O juiz da 2ª Vara da Fazenda Pública, Francisco Chagas Barreto Alves, determinou que o Município de Fortaleza conceda licenciamento ambiental ao loteamento Jardim Fortaleza, no Cocó. A decisão fere a lei municipal de autoria do vereador João Alfredo (Psol), aprovada em julho de 2009, que criou a Área de Interesse Ecológico nas Dunas do Cocó, proibindo qualquer intervenção que altere o meio ambiente. Cabe recurso à decisão.
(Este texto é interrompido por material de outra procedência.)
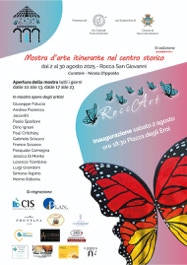 Poster RoccArt, Rcca San Giovanni
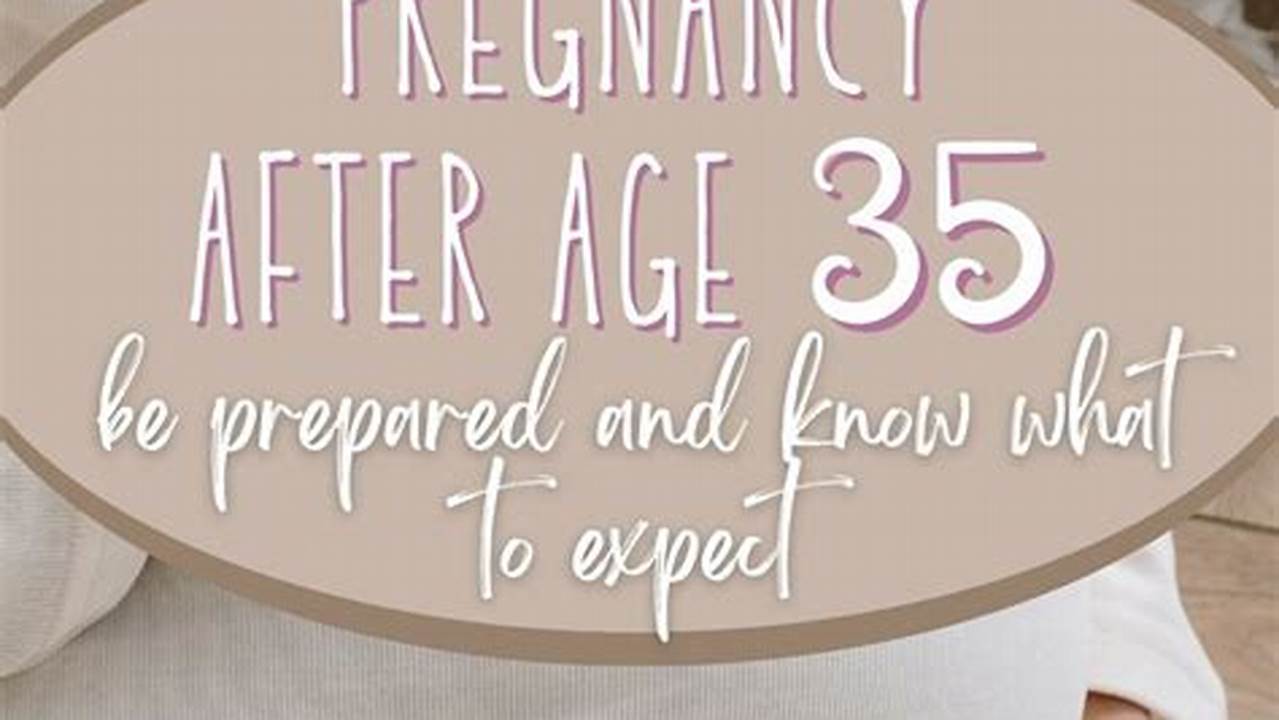 How Hard To Get Pregnant After 35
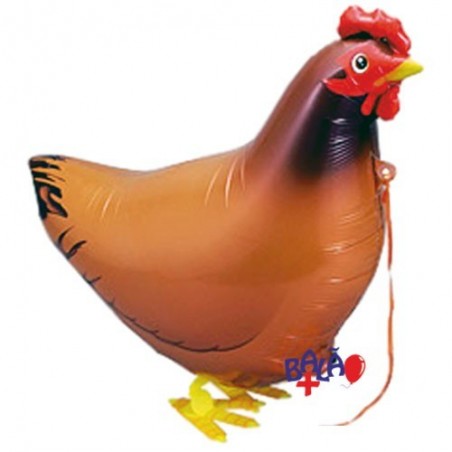 Walking balloon Galinha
Para o juiz, é procedente a ação civil pública ajuizada pela Associação Cearense dos Empresários da Construção e Loteadores (Acecol), requerendo a renovação do licenciamento ambiental para construir na área que se situa entre as avenidas Padre Antônio Tomás e Antônio Sales.

Para tomar a decisão, ele considerou parecer favorável do Ministério Público, em menção a um Termo de Ajustamento de Conduta, envolvendo as partes, a ser elaborado pela 1ª Promotoria do Meio Ambiente.
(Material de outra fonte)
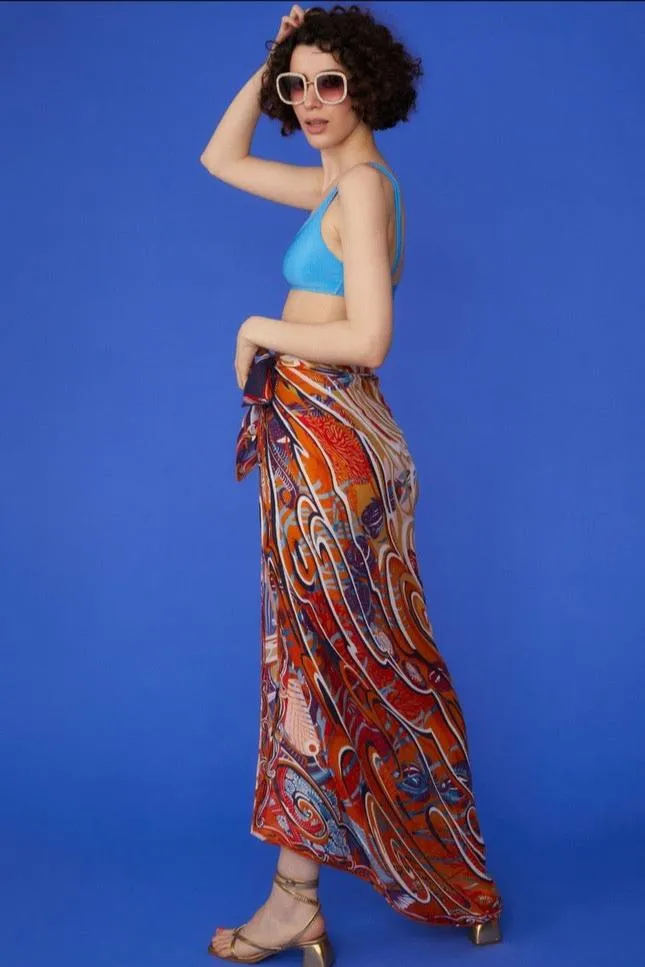 Multi Tie Waist Sarong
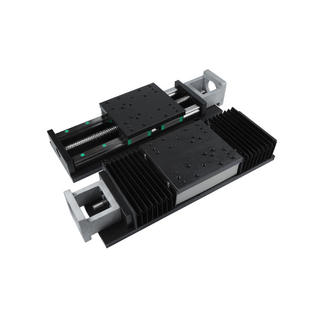 极速HG2d0重型滑台模组丝杆导轨电动滑台模组钢制工作台十字滑台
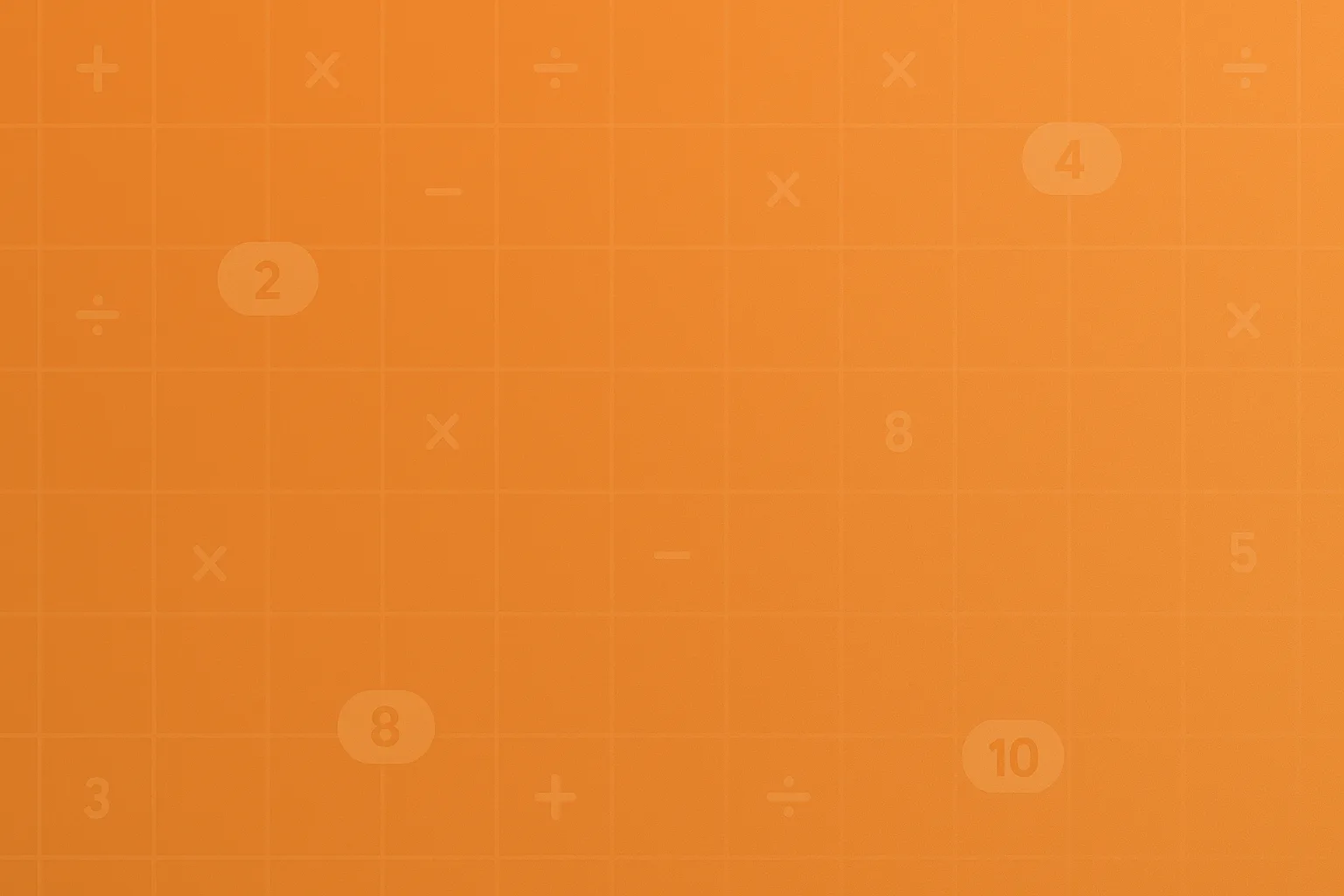 SumSquare math grid puzzle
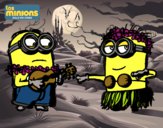 Minions - Dave y Phil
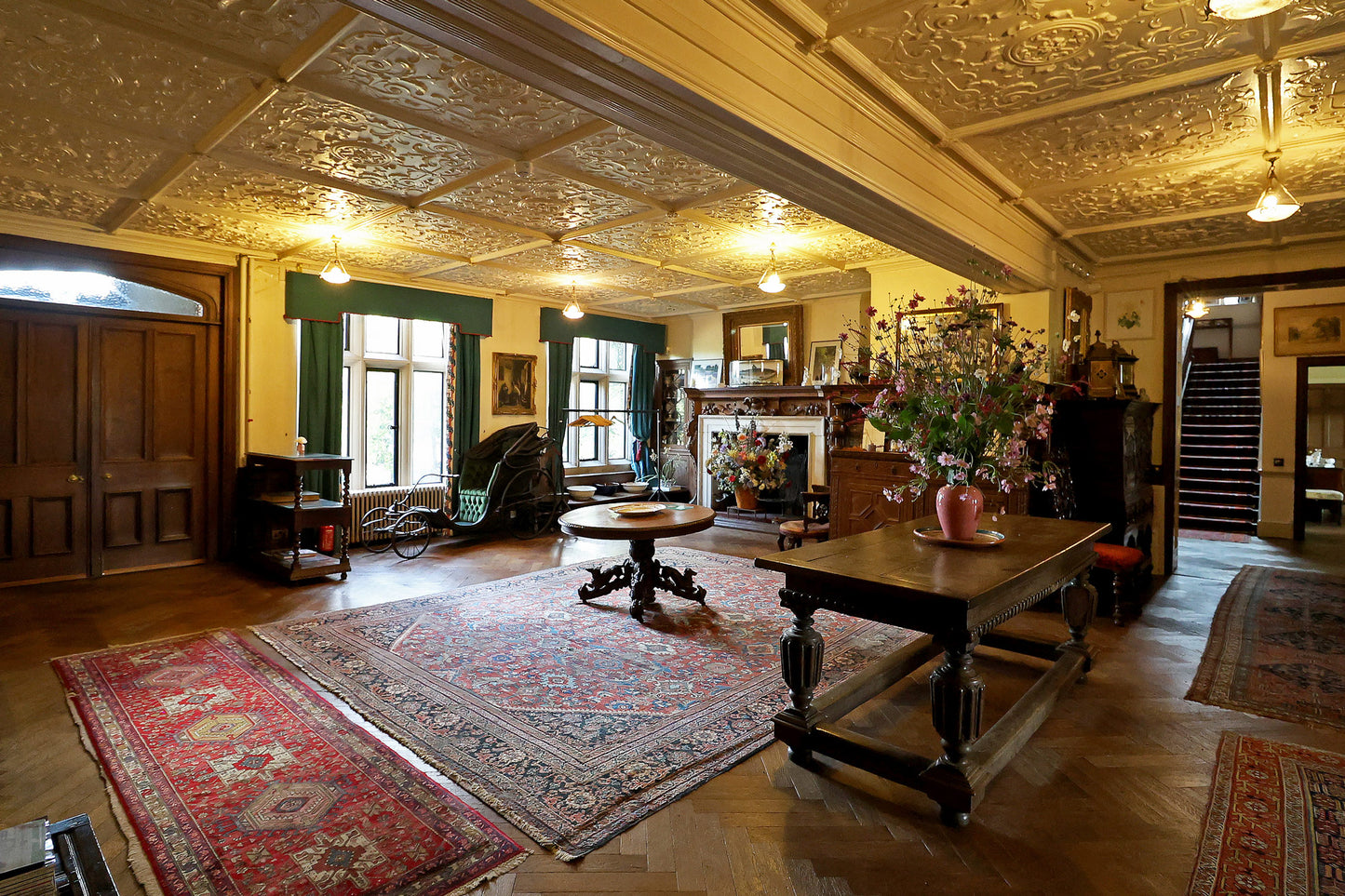 Elizabethan Tudor Estate Sussex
O POVO tentou contato com a Procuradoria Geral do Município, mas a assessoria de comunicação informou que o órgão só se pronunciará depois que for notificado oficialmente. Já o titular da Secretaria do Meio Ambiente e Controle Urbano (Semam), Deodato Ramalho, afirmou que o Município não recebeu a notícia com surpresa, porque o mesmo juiz já vinha adotando esta posição. “Mas a Prefeitura entende que aquela área não deve ser objeto de construção”, disse. Segundo ele, o Município vai recorrer. “Com certeza. Essa é uma posição conhecida da Prefeitura de Fortaleza”.
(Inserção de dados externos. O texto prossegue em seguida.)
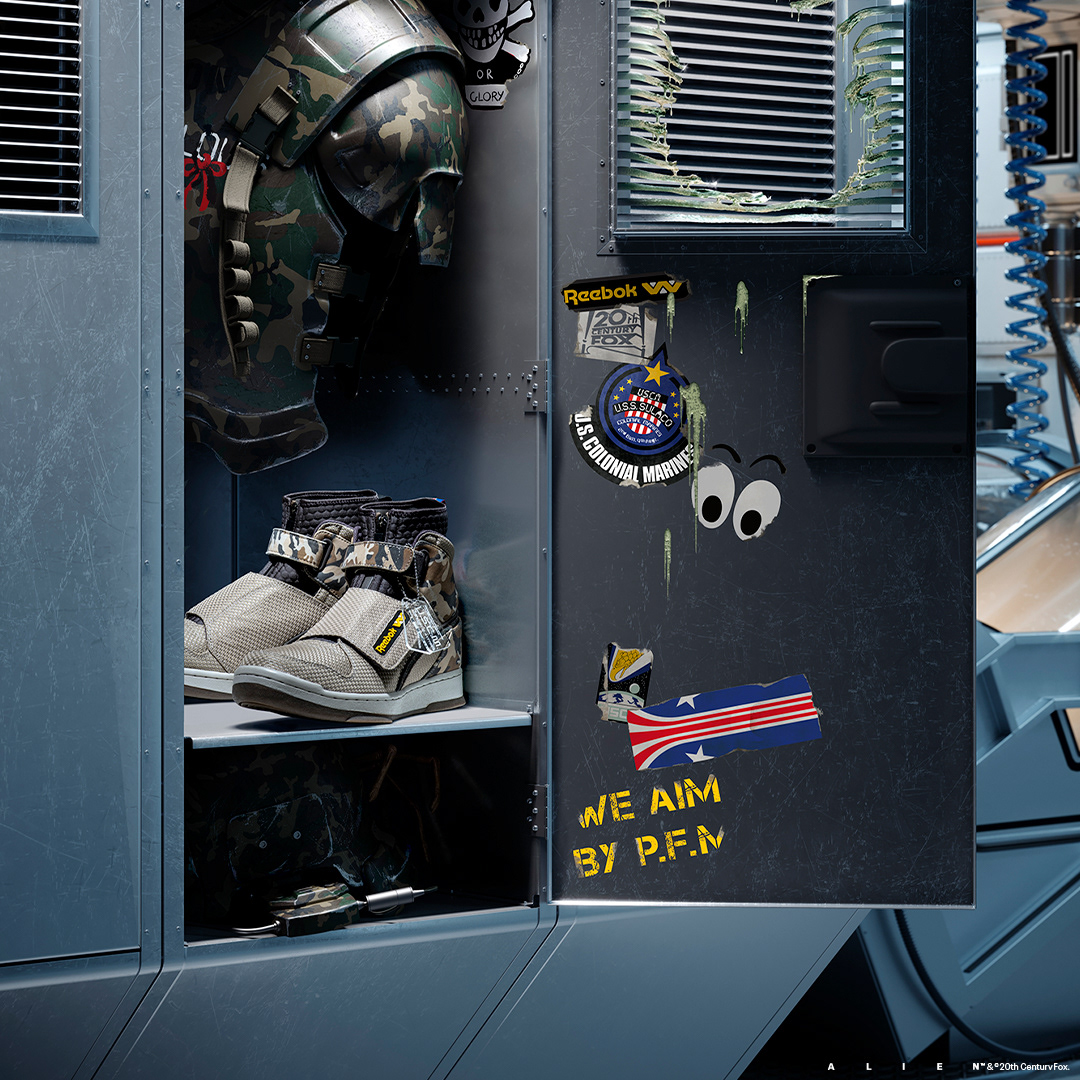 reebok ，Reebok，Alien Bug，Boots，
O vereador João Alfredo (Psol), por sua vez, diz ter confiança de que essa decisão, que ainda é em 1º grau, será reformada pelo Tribunal de Justiça do Ceará. Ele defende que não caberia a um juiz de 1ª instância julgar a inconstitucionalidade de uma lei municipal. “Ele invadiu a competência do Tribunal de Justiça”.

Acecol

Advogado da Acecol, Edwin Damasceno, afirmou que a entidade recebeu a decisão com muita cautela, humildade e felicidade. Ele estranha a afirmação de Deodato Ramalho sobre o Município recorrer da decisão, já que desde outubro de 2010, a Associação foi procurada pelo próprio Município para realizar Termo de Ajustamento de Conduta.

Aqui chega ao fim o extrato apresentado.